RFR 8150689: Thread dump report "waiting to re-lock in wait()" shows incorrectly

Patricio Chilano patricio.chilano.mateo at oracle.com
Tue Nov 27 00:19:00 UTC 2018


Ok, thanks David!

Thanks,
Patricio
On 11/26/18 4:47 PM, David Holmes wrote:
> I'm fine with this final version.
>
> If there are tests lurking somewhere that parse a stack dump (other 
> than the jstack test we already found) then we will deal with them as 
> they arise.
>
> Thanks,
> David
>
> On 27/11/2018 7:31 am, Patricio Chilano wrote:
>> Hi Dan,
>>
>> On 11/26/18 2:56 PM, Daniel D. Daugherty wrote:
>>> On 11/26/18 2:21 PM, Patricio Chilano wrote:
>>>> Hi Dan,
>>>>
>>>> I reverted the change on safepoint.cpp and just removed the extra 
>>>> "print_thread_state_on()" line  on thread.cpp.

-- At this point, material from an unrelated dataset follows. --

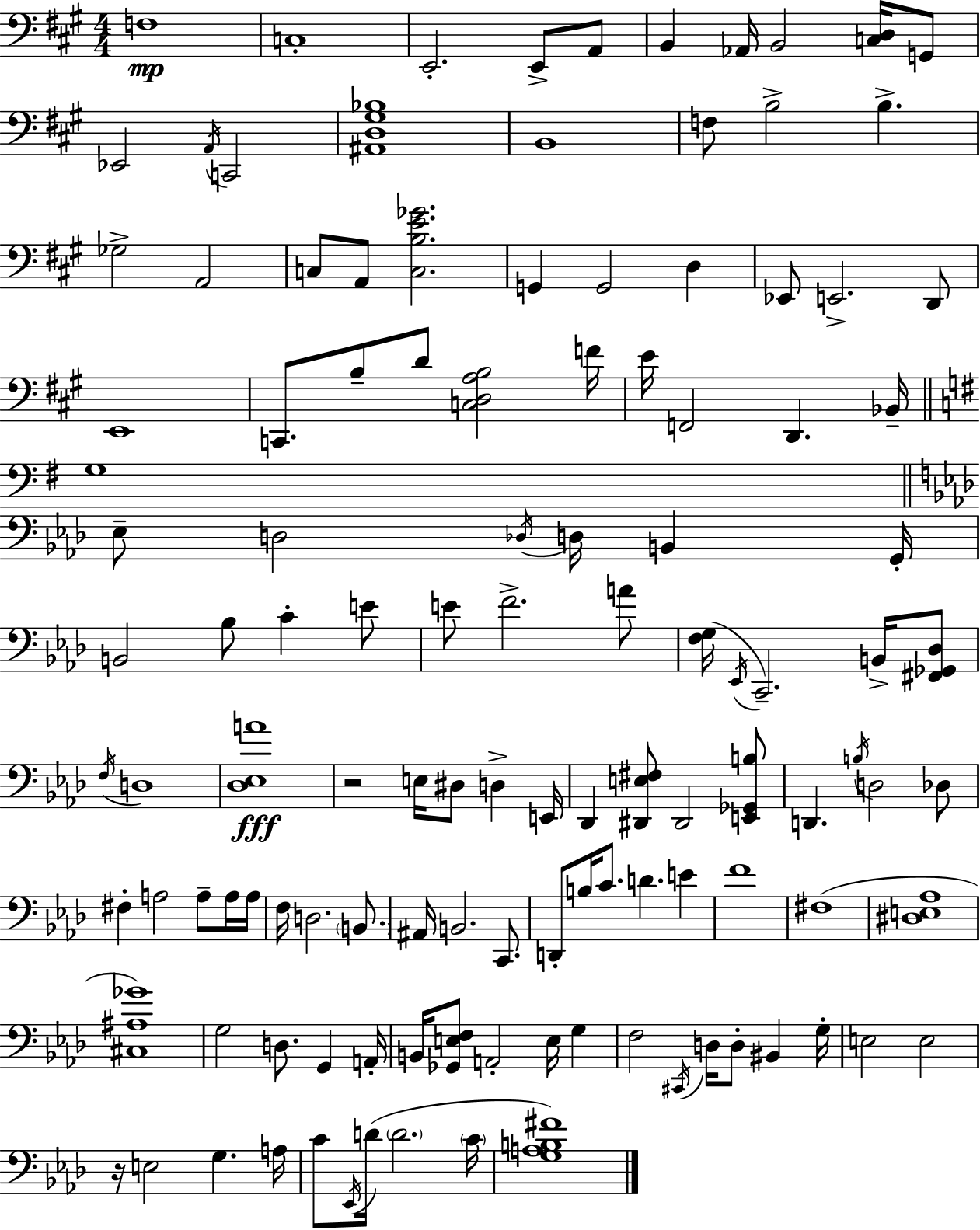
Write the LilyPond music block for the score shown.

>>>> Here is the new webrev:
>>>>
>>>> http://cr.openjdk.java.net/~pchilanomate/8150689.02/webrev
>>>
>>> src/hotspot/share/runtime/thread.cpp
>>>     Okay. So the extra print_thread_state_on() call output that 
>>> would appear
>>>     before the "Thread: ..." output line from 
>>> _safepoint_state->print_on()
>>>     is now gone. Good.
>>>
>>>     The print_thread_state_on() output will still appear after the 
>>> "Thread: ..."
>>>     line in a _safepoint_state->print_on() call which means that 
>>> safepoint
>>>     logging will still have that info. That should address David's 
>>> concern.
>>>
>>> src/hotspot/share/runtime/vframe.cpp
>>>     No comments.
>>>
>>> Thumbs up on the code change. Maybe I missed it, but it is not clear
>>> from a quick scan of this email what kind of testing was done. I'm
>>> strongly hoping that we don't have any tests that rely on either:
>>>
>>>   - print_thread_state_on() output happening before "Thread: ..."

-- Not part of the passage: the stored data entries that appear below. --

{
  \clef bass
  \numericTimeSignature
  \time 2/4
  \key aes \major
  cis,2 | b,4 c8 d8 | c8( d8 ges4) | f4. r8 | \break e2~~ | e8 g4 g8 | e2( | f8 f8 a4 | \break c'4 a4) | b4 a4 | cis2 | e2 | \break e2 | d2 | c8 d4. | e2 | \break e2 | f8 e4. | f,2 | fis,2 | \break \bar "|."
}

>>>   - two print_thread_state_on() output line
>> I run mach tiers1-3 and all the test passed. There is a test found by 
>> David (https://bugs.openjdk.java.net/browse/JDK-8214148) that should 
>> failed based on this change but it is still working because there is 
>> something else wrong with it. I fixed that test too but I will send 
>> it for the 8214148 RFR.
>>
>>>> Is this reviewed?
>>>
>>> Yes, but please wait for David H. to chime in and confirm also.
>> Ok, thanks Dan!
>>
>>
>> Thanks,
>> Patricio
>>
>>> Dan
>>>
>>>
>>>>
>>>> Thanks!
>>>> Patricio
>>>>
>>>> On 11/21/18 7:18 PM, Daniel D. Daugherty wrote:
>>>>> On 11/21/18 5:45 PM, Patricio Chilano wrote:
>>>>>> Hi Dan,
>>>>>>
>>>>>> On 11/21/18 2:52 PM, Daniel D. Daugherty wrote:
>>>>>>> On 11/20/18 12:51 PM, Patricio Chilano wrote:
>>>>>>>> Hi all,
>>>>>>>>
>>>>>>>> Could you review this small fix for thread dump reports?

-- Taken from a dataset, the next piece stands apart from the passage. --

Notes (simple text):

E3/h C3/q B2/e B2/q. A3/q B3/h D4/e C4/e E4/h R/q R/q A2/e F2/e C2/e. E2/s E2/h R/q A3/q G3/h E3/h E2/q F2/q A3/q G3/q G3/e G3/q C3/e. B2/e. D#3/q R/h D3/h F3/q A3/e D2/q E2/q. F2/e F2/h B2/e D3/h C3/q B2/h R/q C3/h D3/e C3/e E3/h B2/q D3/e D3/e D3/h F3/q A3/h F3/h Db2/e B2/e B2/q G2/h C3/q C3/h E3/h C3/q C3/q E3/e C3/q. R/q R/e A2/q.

>>>>>>>> Now the "waiting to re-lock in wait()" message is shown in the 
>>>>>>>> "at java.lang.Object.wait(Native Method)" frame where the 
>>>>>>>> re-locking is actually occurring. In the frame where the lock 
>>>>>>>> was first taken we always show "locked". Please check if there 
>>>>>>>> is some scenario where you think the lock info on the stack is 
>>>>>>>> not being printed as you would expect.
>>>>>>>>
>>>>>>>> I also noticed the _thread_state attribute was printed twice so 
>>>>>>>> I removed one instance. I don't know if there was a specific 
>>>>>>>> reason to print it twice so I can add it back.
>>>>>>>>
>>>>>>>> Webrev URL: 
>>>>>>>> http://cr.openjdk.java.net/~pchilanomate/8150689.01/webrev
>>>>>>>
>>>>>>> src/hotspot/share/runtime/safepoint.cpp
>>>>>>>     new L1122: _thread->print_thread_state_on(st);
>>>>>>>         L1123:   st->print_cr("Thread: " INTPTR_FORMAT
>>>>>>>         L1124:               "  [0x%2x] State: %s 
>>>>>>> _has_called_back %d _at_poll_safepoint %d",
>>>>>>>         L1125:                p2i(_thread), 
>>>>>>> _thread->osthread()->thread_id(), s, _has_called_back,
>>>>>>>         L1126:                _at_poll_safepoint);
>>>>>>>     old L1127: _thread->print_thread_state_on(st);
>>>>>>>
>>>>>>>         The reason for moving the line isn't jumping out at me 
>>>>>>> (yet).
>>>>>>>         Update: see next file's comments.
>>>>>>>
>>>>>>> src/hotspot/share/runtime/thread.cpp
>>>>>>>         L2945: #ifndef PRODUCT
>>>>>>>     old L2946:   print_thread_state_on(st);
>>>>>>>         L2947:   _safepoint_state->print_on(st);
>>>>>>>         L2948: #endif // PRODUCT
>>>>>>>
>>>>>>>         Okay so now I understand the change to safepoint.cpp. I 
>>>>>>> agree
>>>>>>>         with deleting L2946 from thread.cpp because it would 
>>>>>>> result in
>>>>>>>         two print_thread_state_on() calls in non-PRODUCT bits.
>>>>>>>
>>>>>>>         However, I don't agree with moving the 
>>>>>>> print_thread_state_on()
>>>>>>>         call in safepoint.cpp. If you do that then you'll change 
>>>>>>> the
>>>>>>>         output order for the "Thread: ..." line to be after the
>>>>>>>         print_thread_state_on() output for all build configs.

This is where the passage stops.